My purse is a weighty matter
Ken exits our downtown hardware store, meeting me on the sidewalk. He's just purchased three drill bits. We have more shopping to do. "Would you put these in your purse?" he asks.
"There's a limit to what this thing holds," I reply. Although much of what my purse contains is shared checkbook, video rental card, car keys Ken disavows any responsibility for the purse's contents or whereabouts, even as he expects free access to make deposits and withdrawals.
Sure enough, when I heft my handbag his way to demonstrate its weight, he deftly drops the drill bits inside. Yet on rare occasions when he agrees to hold it for me, he clasps it at arm's length, between thumb and forefinger, as if it were an unpredictable life form best handled with caution.

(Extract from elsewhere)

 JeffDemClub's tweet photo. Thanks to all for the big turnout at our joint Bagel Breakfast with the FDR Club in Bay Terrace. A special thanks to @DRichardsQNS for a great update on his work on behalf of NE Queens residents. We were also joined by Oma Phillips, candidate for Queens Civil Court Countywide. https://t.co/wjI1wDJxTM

Masculine antipathy toward purses is nothing new. Shakespeare's Othello declared, "Who steals my purse steals trash." Granted, Othello was speaking metaphorically about the negligible value of money relative to reputation. (Desdemona doubtless toted the satchel in that family.)
Still, he made a prescient point about the modern purse's potential for becoming a miniature landfill. I, too, chafe at carrying a detritus-prone pouch everywhere I go. I recently met a female songwriter whose most requested composition was a mournful blues ballad titled, "Too Much Stuff in My Purse (I Got)." This has become my theme song.

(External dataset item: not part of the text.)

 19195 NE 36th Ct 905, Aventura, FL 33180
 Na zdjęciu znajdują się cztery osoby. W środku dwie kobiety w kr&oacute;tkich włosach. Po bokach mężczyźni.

I'll never forget (for Ken won't let me) a lazy Sunday afternoon years ago when I decided to purge the cavernous black bag I'd been shouldering all winter. As he watched, I unearthed, among other historical artifacts, 17 partial, dust-encrusted Lifesaver rolls in a single flavor: mint. "No wonder your purse is so heavy," my dumbfounded spouse declared helpfully.
Despite my ambivalence toward it, if my handbag were ever lost or purloined, I'd be utterly adrift. Like the ancient mariner's albatross, my purse for better or worse is an integral part of my identity, if not my anatomy.
Occasionally, as we're driving along, I'll experience what my friend Anne calls a "purse panic": the abrupt, compelling belief that I've left my handbag at the supermarket or the last rest stop. "Stop! I forgot my purse!" I'll screech. Ken brakes as I glance wildly about the confines of the car, only to spot my purse resting quietly on the back seat, as sweet a sight as that of a sleeping child.
Except for such times, I seldom look at my purse, much less inside it. Rather, I use a variant of Braille, locating items within it by feel lip balm, tissue packet, ballpoint pen and wear, or so I've been told, a look of deep concentration, eyes half closed, as I burrow and grope.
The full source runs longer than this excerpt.